A package's cppjs.config.js declares env values that flow into the build (CMake variables, Emscripten flags, NDK toolchain hints, etc.). These were previously scalar only — strings, numbers, booleans:

env: {
CFLAGS: '-O3 -fPIC',
WITH_OPENSSL: 'YES',
}

This works for static values but breaks when an env value depends on:

  • The current build target (wasm vs ios vs android — different toolchains, different CFLAGS).
  • Other env values resolved earlier in the cascade (e.g. OPENSSL_ROOT_DIR is a function of where the OpenSSL prebuilt was extracted, which depends on the current state.config.paths.build).
  • Per-arch path arithmetic that the user shouldn't have to compute by hand.

We had three options:

  1. Add a parallel dynamicEnv field that takes functions, leaving env scalar.
  2. Add per-target overrides (envByTarget: { wasm: {...}, ios: {...} }).
  3. Accept either scalars or functions in the same env field, resolved at use site.

Decision

env values can be either a scalar or a function with the signature (state, target) => string | number | boolean | null. The state loader resolves functions lazily — on read, not on config load — so that state is fully populated by the time the function runs.

env: {
OPENSSL_ROOT_DIR: (state, target) => path.join(state.config.paths.build, 'openssl', target),
CFLAGS: (state, target) => target === 'wasm' ? '-O3 -msimd128' : '-O3',
}

Consequences

Positive:

  • One field, two shapes — package authors don't need to learn a second mechanism for the dynamic case.
  • Computation happens once, at the point of use, with the full state in scope. No phase-ordering bugs.
  • Backwards compatible — existing scalar-only configs work unchanged.

Negative:

  • Functions can do anything (including I/O, throwing, side effects).
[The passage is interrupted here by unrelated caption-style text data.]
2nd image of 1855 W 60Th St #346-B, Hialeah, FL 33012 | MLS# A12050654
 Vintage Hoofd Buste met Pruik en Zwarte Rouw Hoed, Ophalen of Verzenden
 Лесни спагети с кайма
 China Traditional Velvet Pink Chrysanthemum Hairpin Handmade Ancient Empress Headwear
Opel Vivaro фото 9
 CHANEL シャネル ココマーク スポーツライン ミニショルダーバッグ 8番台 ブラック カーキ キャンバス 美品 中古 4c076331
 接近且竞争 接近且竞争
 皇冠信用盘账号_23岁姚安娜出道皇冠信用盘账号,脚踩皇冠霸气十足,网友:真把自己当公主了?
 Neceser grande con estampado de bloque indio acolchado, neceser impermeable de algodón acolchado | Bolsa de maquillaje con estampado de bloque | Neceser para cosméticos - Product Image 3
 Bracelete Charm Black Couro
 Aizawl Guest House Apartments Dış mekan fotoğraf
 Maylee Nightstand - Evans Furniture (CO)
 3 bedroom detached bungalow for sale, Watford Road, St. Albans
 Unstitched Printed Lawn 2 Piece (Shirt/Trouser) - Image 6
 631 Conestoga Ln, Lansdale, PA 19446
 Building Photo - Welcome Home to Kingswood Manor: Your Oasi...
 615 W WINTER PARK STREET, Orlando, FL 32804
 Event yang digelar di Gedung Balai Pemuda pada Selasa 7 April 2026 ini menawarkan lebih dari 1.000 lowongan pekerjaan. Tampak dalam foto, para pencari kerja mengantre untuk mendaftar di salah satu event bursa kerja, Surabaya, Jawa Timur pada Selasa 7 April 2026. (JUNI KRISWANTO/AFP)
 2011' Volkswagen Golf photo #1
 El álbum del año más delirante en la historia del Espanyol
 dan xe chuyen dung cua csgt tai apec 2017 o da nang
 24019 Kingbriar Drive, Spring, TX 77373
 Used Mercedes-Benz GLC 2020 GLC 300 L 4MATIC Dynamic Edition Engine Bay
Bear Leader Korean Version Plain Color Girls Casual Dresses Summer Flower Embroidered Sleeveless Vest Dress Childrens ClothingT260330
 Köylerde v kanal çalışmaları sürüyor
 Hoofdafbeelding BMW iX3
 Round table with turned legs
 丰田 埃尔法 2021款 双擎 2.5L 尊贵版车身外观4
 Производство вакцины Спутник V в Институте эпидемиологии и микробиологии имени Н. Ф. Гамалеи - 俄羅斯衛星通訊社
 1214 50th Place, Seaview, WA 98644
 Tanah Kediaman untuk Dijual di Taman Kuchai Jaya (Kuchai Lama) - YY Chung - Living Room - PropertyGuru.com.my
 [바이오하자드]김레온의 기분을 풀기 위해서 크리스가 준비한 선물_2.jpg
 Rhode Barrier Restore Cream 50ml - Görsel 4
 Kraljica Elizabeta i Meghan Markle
We document "pure, fast, deterministic" as the contract but can't enforce it.
  • Stack traces from inside an env function don't always point clearly at the originating config. Debugging is one extra step.
  • Serializing the resolved env (for caching or logging) requires invoking each function — can't just JSON.stringify(env).

Alternatives considered

  • Parallel dynamicEnv field — clean separation, but two fields to remember and document. Authors would inevitably put dynamic values in the wrong one. Rejected.
  • Per-target overrides (envByTarget) — solves the target-axis case but not the cross-env-value case (where one env value derives from another). Rejected as too narrow.
  • Templated strings (e.g. "${state.paths.build}/openssl") — readable but limited; no conditionals, no path arithmetic, no array reduction. Functions are strictly more powerful with the same authoring surface. Rejected.

See also

  • cppjs-core/cpp.js/src/state/index.js — the resolver that calls functions lazily.
  • Any cppjs-packages/cppjs-package-gdal/cppjs-package-gdal-wasm/cppjs.config.js — concrete example using both scalar and function env values.